A new model to address the mechanism of neutropenia in patients with Barth syndrome
David Sykes, MD, PhD, Assistant Professor, Massachusetts General Hospital, Boston, MA
Award—US $50,000 over 1-year period
*This grant is made possible in part by support from Association Syndrome de Barth France
Barth syndrome is an X-linked hereditary disorder characterized by cardiomyopathy, skeletal muscle myopathy, and neutropenia. The syndrome arises because of inherited mutations in the gene TAZ, resulting in a loss of function of the protein tafazzin.
Tafazzin is an enzyme that processes cardiolipin, a phospholipid that is almost exclusively found in the inner membrane of the mitochondria. The lack of functional tafazzin abrogates one of the final steps in cardiolipin maturation, resulting in cardiolipin that contains more highly saturated lipid tails (i.e. fewer double bonds). It is this lack of an unsaturated cardiolipin pool that seems to contribute to the disorganized inner mitochondrial membrane.
The link between tafazzin-deficiency and myopathy is not entirely understood but seems logical given the dependence of muscle cells on mitochondrial function as well as oxidative respiration. The components of the electron transport chain are co-localized with cardiolipin in the inner mitochondrial membrane, and it is felt that their appropriate organization within the membrane lipid bilayer is dependent on the presence of mature cardiolipin which is lacking in those individuals with Barth syndrome.
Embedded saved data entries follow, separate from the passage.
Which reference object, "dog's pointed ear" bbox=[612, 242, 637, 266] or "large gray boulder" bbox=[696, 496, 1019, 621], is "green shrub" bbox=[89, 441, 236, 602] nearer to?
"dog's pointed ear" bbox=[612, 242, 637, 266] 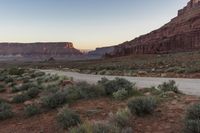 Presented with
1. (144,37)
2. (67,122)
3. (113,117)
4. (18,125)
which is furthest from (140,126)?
(144,37)

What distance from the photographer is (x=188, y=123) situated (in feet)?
17.5

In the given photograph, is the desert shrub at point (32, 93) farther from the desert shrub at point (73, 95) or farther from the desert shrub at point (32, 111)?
the desert shrub at point (32, 111)

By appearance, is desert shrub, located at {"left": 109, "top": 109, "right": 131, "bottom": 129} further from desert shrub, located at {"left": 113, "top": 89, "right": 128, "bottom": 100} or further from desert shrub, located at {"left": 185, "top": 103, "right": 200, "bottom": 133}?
desert shrub, located at {"left": 113, "top": 89, "right": 128, "bottom": 100}

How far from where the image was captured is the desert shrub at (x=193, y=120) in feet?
16.7

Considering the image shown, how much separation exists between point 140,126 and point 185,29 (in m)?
100

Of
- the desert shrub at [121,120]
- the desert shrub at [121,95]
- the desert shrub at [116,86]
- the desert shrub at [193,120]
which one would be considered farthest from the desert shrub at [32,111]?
the desert shrub at [193,120]

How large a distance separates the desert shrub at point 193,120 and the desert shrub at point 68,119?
2887mm

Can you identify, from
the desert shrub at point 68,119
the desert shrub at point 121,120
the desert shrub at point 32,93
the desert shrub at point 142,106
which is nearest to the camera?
the desert shrub at point 121,120

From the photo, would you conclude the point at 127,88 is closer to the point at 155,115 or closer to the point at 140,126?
the point at 155,115

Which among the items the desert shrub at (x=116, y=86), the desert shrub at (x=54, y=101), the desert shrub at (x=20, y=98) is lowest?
the desert shrub at (x=20, y=98)

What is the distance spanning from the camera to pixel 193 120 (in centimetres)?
537

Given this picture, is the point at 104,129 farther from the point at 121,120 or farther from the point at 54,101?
the point at 54,101

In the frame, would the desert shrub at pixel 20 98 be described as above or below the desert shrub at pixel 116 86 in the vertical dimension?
below

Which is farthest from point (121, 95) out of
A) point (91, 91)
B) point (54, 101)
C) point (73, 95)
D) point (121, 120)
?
point (121, 120) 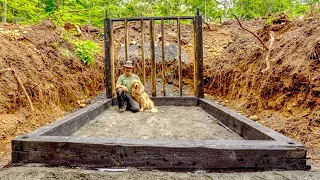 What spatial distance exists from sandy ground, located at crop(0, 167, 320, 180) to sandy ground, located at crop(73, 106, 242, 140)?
108 centimetres

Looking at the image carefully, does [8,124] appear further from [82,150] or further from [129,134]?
[82,150]

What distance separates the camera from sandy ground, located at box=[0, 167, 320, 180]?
1.79 meters

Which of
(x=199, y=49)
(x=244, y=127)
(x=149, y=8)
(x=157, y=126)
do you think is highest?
(x=149, y=8)

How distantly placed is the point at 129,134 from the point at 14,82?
2.39m

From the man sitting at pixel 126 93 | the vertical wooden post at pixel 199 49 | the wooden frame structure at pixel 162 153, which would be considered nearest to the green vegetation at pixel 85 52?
the man sitting at pixel 126 93

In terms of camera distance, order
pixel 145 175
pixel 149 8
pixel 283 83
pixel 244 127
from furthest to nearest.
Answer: pixel 149 8 → pixel 283 83 → pixel 244 127 → pixel 145 175

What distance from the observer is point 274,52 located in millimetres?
4887

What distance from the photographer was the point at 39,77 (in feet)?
15.7

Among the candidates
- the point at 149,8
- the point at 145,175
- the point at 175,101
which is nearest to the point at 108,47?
the point at 175,101

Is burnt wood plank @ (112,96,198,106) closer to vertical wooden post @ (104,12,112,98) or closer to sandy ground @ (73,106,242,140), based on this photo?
vertical wooden post @ (104,12,112,98)

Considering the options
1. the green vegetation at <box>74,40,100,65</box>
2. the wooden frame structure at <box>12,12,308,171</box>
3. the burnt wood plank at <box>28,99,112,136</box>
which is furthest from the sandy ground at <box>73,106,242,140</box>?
the green vegetation at <box>74,40,100,65</box>

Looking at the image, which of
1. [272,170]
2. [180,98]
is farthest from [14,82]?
[272,170]

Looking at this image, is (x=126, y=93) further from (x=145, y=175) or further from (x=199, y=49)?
(x=145, y=175)

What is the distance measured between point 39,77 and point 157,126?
283 centimetres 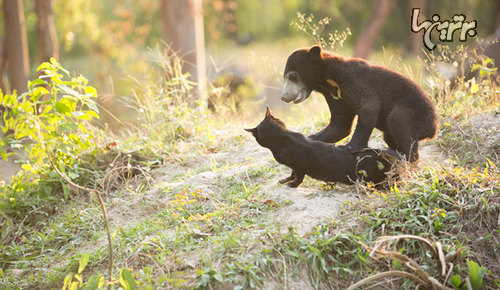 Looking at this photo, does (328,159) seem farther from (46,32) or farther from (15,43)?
(15,43)

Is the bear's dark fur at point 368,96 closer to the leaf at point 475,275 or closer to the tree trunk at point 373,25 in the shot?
the leaf at point 475,275

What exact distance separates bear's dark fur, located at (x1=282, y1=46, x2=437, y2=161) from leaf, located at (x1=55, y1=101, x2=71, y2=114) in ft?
6.71

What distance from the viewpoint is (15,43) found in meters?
10.4

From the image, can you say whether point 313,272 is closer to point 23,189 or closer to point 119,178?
point 119,178

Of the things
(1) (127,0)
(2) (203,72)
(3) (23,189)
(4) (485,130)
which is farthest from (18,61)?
(1) (127,0)

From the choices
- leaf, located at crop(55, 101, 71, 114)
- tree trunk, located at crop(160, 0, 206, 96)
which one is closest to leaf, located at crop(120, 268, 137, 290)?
leaf, located at crop(55, 101, 71, 114)

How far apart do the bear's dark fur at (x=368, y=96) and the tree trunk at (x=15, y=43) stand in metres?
7.39

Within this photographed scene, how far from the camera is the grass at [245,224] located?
354 cm

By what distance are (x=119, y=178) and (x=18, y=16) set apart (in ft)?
21.2

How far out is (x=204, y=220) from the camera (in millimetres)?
4340

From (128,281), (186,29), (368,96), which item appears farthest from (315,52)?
(186,29)

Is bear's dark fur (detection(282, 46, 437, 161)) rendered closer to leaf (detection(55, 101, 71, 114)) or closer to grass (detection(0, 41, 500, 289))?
grass (detection(0, 41, 500, 289))

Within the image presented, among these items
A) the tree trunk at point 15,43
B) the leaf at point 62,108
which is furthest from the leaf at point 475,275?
the tree trunk at point 15,43

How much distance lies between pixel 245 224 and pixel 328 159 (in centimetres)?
91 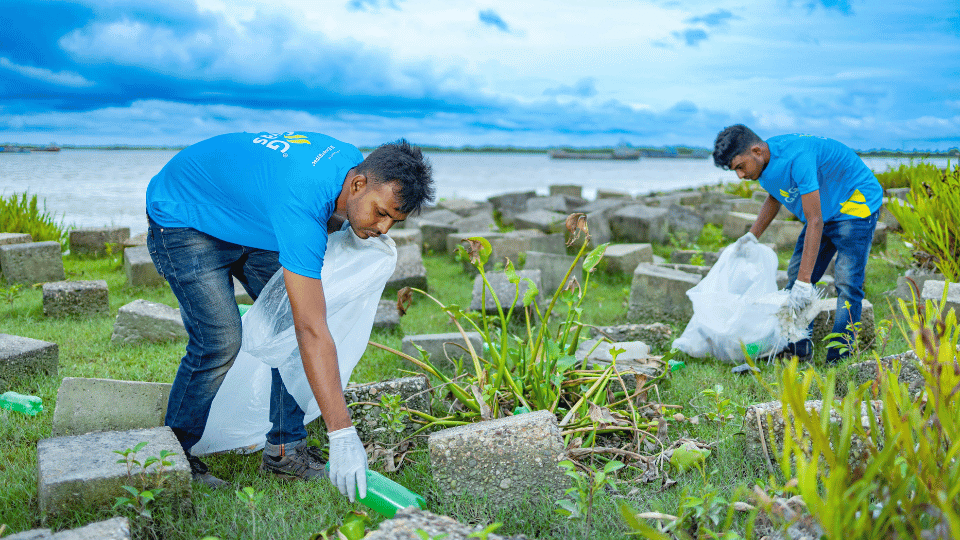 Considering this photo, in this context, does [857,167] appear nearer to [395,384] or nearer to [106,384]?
[395,384]

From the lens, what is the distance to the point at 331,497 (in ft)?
6.93

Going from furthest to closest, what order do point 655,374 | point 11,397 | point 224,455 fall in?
point 655,374 < point 11,397 < point 224,455

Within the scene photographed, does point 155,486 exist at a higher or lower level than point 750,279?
Answer: lower

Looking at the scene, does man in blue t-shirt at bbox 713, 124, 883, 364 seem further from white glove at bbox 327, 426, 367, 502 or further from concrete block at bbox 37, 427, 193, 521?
concrete block at bbox 37, 427, 193, 521

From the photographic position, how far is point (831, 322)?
3678mm

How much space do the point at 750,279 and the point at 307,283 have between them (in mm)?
2616

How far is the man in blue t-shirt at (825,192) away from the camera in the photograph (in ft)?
10.8

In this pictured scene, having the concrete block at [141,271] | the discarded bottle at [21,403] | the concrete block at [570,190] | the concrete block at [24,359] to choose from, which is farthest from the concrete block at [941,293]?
the concrete block at [570,190]

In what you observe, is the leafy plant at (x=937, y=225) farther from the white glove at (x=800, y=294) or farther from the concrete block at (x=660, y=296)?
the concrete block at (x=660, y=296)

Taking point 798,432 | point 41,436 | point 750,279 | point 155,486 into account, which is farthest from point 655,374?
point 41,436

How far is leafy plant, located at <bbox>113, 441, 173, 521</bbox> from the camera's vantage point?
179 cm

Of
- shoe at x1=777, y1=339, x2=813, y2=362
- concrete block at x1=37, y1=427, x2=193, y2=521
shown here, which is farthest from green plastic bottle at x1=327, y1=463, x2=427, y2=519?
shoe at x1=777, y1=339, x2=813, y2=362

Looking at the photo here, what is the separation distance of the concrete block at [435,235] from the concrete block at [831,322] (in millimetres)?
4191

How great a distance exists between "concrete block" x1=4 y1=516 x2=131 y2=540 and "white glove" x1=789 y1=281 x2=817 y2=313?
2989mm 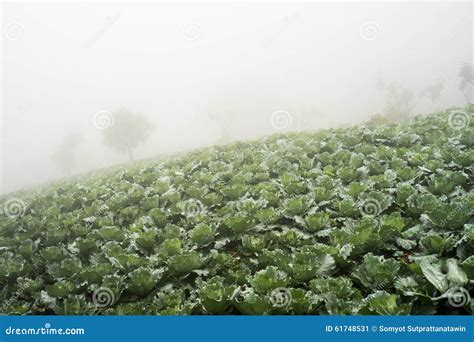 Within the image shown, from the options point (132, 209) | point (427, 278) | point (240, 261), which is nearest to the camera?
point (427, 278)

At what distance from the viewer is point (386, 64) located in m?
133

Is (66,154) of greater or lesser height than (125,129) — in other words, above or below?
below

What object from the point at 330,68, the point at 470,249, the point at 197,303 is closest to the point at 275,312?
the point at 197,303

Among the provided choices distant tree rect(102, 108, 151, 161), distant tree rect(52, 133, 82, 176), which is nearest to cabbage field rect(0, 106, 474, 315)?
distant tree rect(102, 108, 151, 161)

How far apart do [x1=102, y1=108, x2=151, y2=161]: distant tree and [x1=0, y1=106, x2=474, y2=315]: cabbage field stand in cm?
5356

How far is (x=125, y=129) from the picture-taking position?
63.0 metres

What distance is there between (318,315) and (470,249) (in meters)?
2.52

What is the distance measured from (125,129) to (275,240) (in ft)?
198

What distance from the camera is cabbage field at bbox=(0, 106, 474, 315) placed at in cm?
493

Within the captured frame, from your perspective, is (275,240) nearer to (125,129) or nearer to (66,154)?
(125,129)

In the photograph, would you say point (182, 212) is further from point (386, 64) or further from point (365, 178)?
point (386, 64)

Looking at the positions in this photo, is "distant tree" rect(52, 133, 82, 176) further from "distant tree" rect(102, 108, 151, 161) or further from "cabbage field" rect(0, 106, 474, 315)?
"cabbage field" rect(0, 106, 474, 315)

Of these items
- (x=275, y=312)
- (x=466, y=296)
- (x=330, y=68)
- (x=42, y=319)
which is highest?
(x=330, y=68)

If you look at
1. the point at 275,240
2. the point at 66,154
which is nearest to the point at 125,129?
the point at 66,154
The link between tafazzin-deficiency and neutropenia is less clear. Neutrophils are terminally-differentiated effector cells of the innate immune system. They are critical for protection against bacterial and fungal pathogens and patients without sufficient neutrophils are among the most immunocompromised and at risk of lethal infection. Neutrophils have few mitochondria at baseline and are generally believed to rely on glycolysis for energy production. It is not known if the mechanism of neutropenia in Barth syndrome is due to a lack of production or due to increased clearance (e.g. more prone to apoptosis).
This proposal seeks to elucidate the mechanism of neutropenia in patients with Barth syndrome. Understanding why tafazzin deficiency leads to neutropenia is the first step in developing a therapeutic intervention to reverse the neutropenia phenotype and avoid the resultant serious infectious complications.
Here we take advantage of an existing tafazzin knockout mouse for the study of hematopoietic progenitors and myeloid development in both the developing embryo and adult mouse. We have already been successful in establishing neutrophil progenitor cell lines both wild-type and tafazzin knockout mice, providing an unlimited source of progenitors and mature neutrophils for downstream analyses.
We will undertake experiments along two main lines of investigation: (1) is there a developmental defect in neutrophil production; and (2) is there a defect in the mature neutrophil immune function?
The developmental question will be addressed by the characterization of fetal liver hematopoiesis as well as adult hematopoiesis in tafazzin knockout mice. The functional question will be addressed using our progenitor lines in myriad experiments to assess neutrophil morphology, gene expression, metabolite profile, and their ability in assays of phagocytosis, migration, and cytokine production.
We anticipate that the answers to these foundational experiments will shed light on potential targets for therapeutic intervention. Once we understand why a defect in cardiolipin maturation due to tafazzin deficiency leads to neutropenia, we can rationally devise a small molecule or biologic therapy to reverse the defect.